Web page caption snippets:

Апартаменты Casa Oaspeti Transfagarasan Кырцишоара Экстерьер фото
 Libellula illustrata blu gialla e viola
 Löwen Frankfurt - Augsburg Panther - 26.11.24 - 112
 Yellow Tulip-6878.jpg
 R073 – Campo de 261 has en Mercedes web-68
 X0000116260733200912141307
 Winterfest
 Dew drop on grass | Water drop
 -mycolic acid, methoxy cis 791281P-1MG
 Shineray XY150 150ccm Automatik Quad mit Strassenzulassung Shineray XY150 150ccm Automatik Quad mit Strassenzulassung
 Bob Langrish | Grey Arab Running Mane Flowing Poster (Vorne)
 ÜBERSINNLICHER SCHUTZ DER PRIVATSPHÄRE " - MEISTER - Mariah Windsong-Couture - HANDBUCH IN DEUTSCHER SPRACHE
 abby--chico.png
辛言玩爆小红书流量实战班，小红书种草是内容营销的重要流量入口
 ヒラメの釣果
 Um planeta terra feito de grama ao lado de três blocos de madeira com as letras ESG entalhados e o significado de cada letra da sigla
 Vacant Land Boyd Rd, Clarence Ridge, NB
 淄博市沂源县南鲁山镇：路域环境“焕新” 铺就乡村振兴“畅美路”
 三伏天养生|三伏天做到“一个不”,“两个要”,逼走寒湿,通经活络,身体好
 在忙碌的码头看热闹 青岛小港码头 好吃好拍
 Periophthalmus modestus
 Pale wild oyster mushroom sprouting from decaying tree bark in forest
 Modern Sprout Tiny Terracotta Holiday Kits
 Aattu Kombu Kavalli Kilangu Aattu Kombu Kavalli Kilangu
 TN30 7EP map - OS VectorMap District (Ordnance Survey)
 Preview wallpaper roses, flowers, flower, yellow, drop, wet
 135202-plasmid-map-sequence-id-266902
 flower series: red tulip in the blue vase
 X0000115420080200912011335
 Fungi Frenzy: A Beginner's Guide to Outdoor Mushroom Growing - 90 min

### What the task requires
Using the entries above, copy exactly the lines from the one containing "X0000116260733200912141307" through the last, both included.

### Response below
 X0000116260733200912141307
 Winterfest
 Dew drop on grass | Water drop
 -mycolic acid, methoxy cis 791281P-1MG
 Shineray XY150 150ccm Automatik Quad mit Strassenzulassung Shineray XY150 150ccm Automatik Quad mit Strassenzulassung
 Bob Langrish | Grey Arab Running Mane Flowing Poster (Vorne)
 ÜBERSINNLICHER SCHUTZ DER PRIVATSPHÄRE " - MEISTER - Mariah Windsong-Couture - HANDBUCH IN DEUTSCHER SPRACHE
 abby--chico.png
辛言玩爆小红书流量实战班，小红书种草是内容营销的重要流量入口
 ヒラメの釣果
 Um planeta terra feito de grama ao lado de três blocos de madeira com as letras ESG entalhados e o significado de cada letra da sigla
 Vacant Land Boyd Rd, Clarence Ridge, NB
 淄博市沂源县南鲁山镇：路域环境“焕新” 铺就乡村振兴“畅美路”
 三伏天养生|三伏天做到“一个不”,“两个要”,逼走寒湿,通经活络,身体好
 在忙碌的码头看热闹 青岛小港码头 好吃好拍
 Periophthalmus modestus
 Pale wild oyster mushroom sprouting from decaying tree bark in forest
 Modern Sprout Tiny Terracotta Holiday Kits
 Aattu Kombu Kavalli Kilangu Aattu Kombu Kavalli Kilangu
 TN30 7EP map - OS VectorMap District (Ordnance Survey)
 Preview wallpaper roses, flowers, flower, yellow, drop, wet
 135202-plasmid-map-sequence-id-266902
 flower series: red tulip in the blue vase
 X0000115420080200912011335
 Fungi Frenzy: A Beginner's Guide to Outdoor Mushroom Growing - 90 min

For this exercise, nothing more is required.